VAT on gold-making charges may impact other businesses

VATP029 states that reverse charge mechanism applies only to goods and not to services.



File photo
File photo

By Pankaj S. Jain

Published: Sun 3 Jul 2022, 3:29 PM

Last updated: Sun 3 Jul 2022, 4:19 PM

The Federal Tax Authority (FTA) has recently issued a public clarification - VATP029 - relating to B2B supplies of gold and products consisting mainly of gold (‘Gold Items’). As the clarification relates to gold making charges, CFOs/CEOs in other businesses (especially those in Designated Zones (DZs)) have generally ignored its impact on their operations.

B2B supplies of gold items

Since 01/06/2018, the B2B supplies of gold items are subject to reverse charge mechanism (RCM). A VAT-registered business is generally not required to charge VAT on the supplies of gold items to another VAT-registered business. The VAT-registered buyer accounts for the VAT under RCM. The suppliers generally receive a consideration for the supply of gold items to cover the price of the gold as well as for the making services. The jewellery suppliers have not charged VAT on the total consideration of the B2B supplies since 01/06/2018.

VAT029 - Single vs Multiple Supplies

VATP029 states that a supply of Gold Items and making services could be categorised as:

* A single composite supply of a Gold Item; or

* Multiple supplies consisting of both goods (gold) and services (making charges)

The clarification states, the supply will be regarded as a single composite supply of gold items if:

* The supply consists of a principal component (gold item) and ancillary/incidental elements (the making service), or these components are so closely linked that it would be impossible or unnatural to split;

*If a supplier charges a single price for the gold item, including the making charge; and

* The gold item and the making service are supplied by the same supplier

On the other hand, if a supplier charges separately, or reflects separately, for the Gold Items and for the making services, the supplier is regarded as making multiple supplies of individual components. Each component would be treated as a separate supply attracting corresponding VAT treatment individually.

Implications on jewellery

VATP029 states that RCM applies only to goods and not to services. If a supplier has charged, or reflected, a separate price for the making services for B2B supplies, the supplier would be required to pay VAT on such making services. The suppliers are apparently required to submit voluntary disclosure to correct the tax treatment since 01/06/2018. Voluntary disclosure could attract administrative penalties up to 30 per cent of tax amount till date. Another direct impact could be on B2C supplies of gold items under Tourist Refund Scheme. Akin to RCM, tourist refund scheme applies only to goods and not to services. As per the reasons given in VATP029, if the jewellers charged, or reflected, the ‘making’ services separately, they would be required to make voluntary disclosures relating to such supplies to the tourists.

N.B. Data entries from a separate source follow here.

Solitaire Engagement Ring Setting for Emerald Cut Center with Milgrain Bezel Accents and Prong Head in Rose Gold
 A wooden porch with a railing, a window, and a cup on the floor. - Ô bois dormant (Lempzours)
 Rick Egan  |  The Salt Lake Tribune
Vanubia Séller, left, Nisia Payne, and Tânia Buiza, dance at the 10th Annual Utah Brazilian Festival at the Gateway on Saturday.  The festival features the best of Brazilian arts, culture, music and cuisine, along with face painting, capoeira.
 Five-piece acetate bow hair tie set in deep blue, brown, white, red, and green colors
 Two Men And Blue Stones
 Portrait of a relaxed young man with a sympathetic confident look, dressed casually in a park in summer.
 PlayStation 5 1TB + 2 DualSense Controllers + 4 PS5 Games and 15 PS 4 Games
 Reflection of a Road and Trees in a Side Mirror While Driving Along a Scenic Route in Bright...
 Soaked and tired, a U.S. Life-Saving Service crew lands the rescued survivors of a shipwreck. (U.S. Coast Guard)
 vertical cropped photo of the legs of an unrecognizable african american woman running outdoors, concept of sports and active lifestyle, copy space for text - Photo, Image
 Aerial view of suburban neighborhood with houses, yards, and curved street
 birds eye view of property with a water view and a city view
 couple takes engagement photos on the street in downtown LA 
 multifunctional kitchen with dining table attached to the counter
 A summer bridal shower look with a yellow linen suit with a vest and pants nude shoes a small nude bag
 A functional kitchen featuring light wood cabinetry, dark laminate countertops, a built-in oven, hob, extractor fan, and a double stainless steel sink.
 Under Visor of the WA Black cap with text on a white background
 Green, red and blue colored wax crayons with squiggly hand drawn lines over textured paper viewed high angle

International Jurisprudence and VATP029

It is interesting to note that VATP029 seems to differentiate between a single composite supply and multiple supplies primarily on the fact whether a single price has been charged or not.

The price on an invoice could be artificially split-up, or consolidated into a single price, by a supplier. The decision of the European Court of Justice (ECJ) in the case of Levob Verzekeringen BV and Part Service Srl are the landmark cases on this issue. The Court has held that the manner how the prices are reflected in a contract/invoice should not decide the nature of supplies. The determinative criteria should be the degree of linkage of two or more elements and the rationality to split those elements.

Other businesses

If charging, or reflecting, separately the prices for the goods and for services could attract VAT on services, it could have wide ramifications on many businesses.

To illustrate, Designated Zone suppliers often reflect separate prices for the supply of goods and for incidental services such as specialised packaging, freight etc. to the mainland customers. Though VAT would not have been charged on the total price of the supplies from DZ, VATP029 could directly impact the VAT on the service elements shown separately on the invoices. Similarly, manufacturers who charge for designing services separately before manufacturing & exporting the goods could also be impacted where the services itself do not qualify for zero-rating as exports independently. Alternatively, a leasing company could artificially split up the lease charges into (taxable) rental services and (VAT-exempt) finance services to save on VAT.

Action points

The jewellery businesses appears to have valid grounds to request for penalty waivers in relation to voluntary disclosures. It would be prudent for all businesses including the jewellery industry to first examine and understand the implications on VATP029 on their operations. A further clarification could be sought from FTA on the specific issues arising from the recent public clarification.